For example, $0.2\cdot2^{x/2}+0.5\cdot2^{x/5}\leq C$.
In this case, the I want to find the variable $x$ to satisfy inequality constant $C$. Because the $2^{x/2}$ and $2^{x/5}$ have different denominator, so I can't not find the maximum value x which satisfy the constraint.
Any body help me? If anyone know the approximation form, please tell me. Actually, I need a upper bound of this form equation. $A\cdot 2^{x/B}+C\cdot 2^{x/D}$ where, $A,B,C,D$ is constant and positive value.
Using arithmetic-geometric inequality, I can find the lower bound of this form.

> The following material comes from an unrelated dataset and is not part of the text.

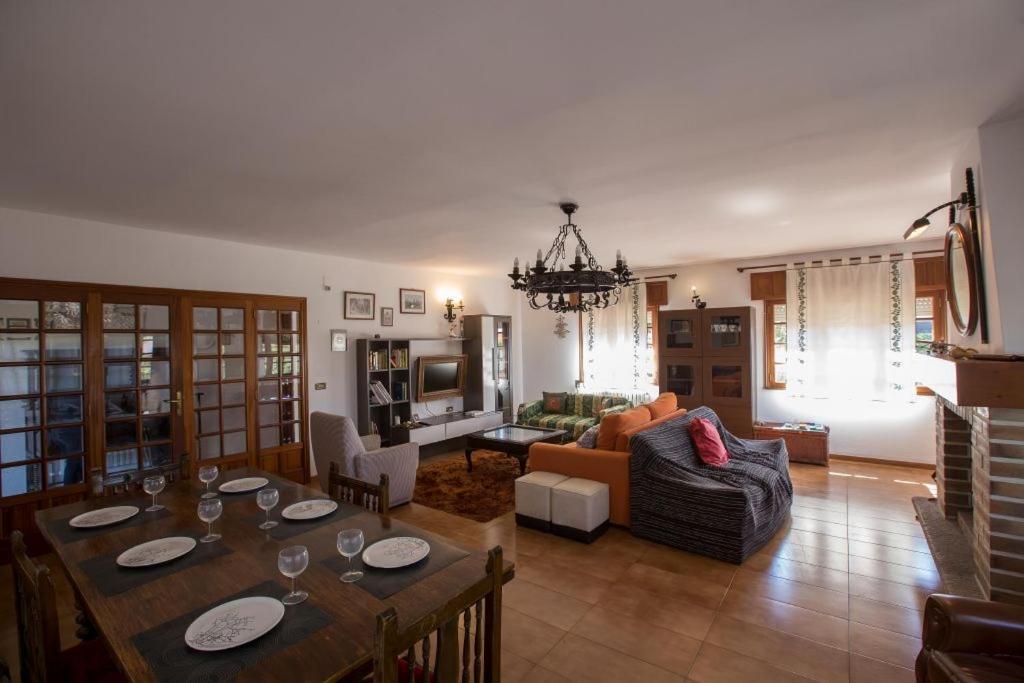 Chalet Paxarinas Villa Sanxenxo Exterior photo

However, I can not find the upper bound form.
I'm sorry, my english skill is bad.
The LHS is a strictly increasing function in $x\,$, so the inequality will hold up to some value of $x$ where it becomes an equality, which value is the (unique) root of $0.2\cdot2^{x/2}+0.5\cdot2^{x/5} = C\,$.
Let $u=2^{x/10}$ then the latter equation becomes $0.2 \cdot u^5 + 0.5 \cdot u^2 - C = 0\,$. This is a quintic, which cannot be solved by radicals (in general), so you'll probably want to solve it numerically for $u\,$ then calculate $\,x = 10\,\log_{2} u\,$. (Or maybe solve the original equation numerically, directly.)
This is a very different question from the previous one, and the answer is negative: there exists no such upper bound, since $\,\lim_{x \to \infty} A\cdot 2^{x/B}+C\cdot 2^{x/D} = \infty\,$ when all constants are positive.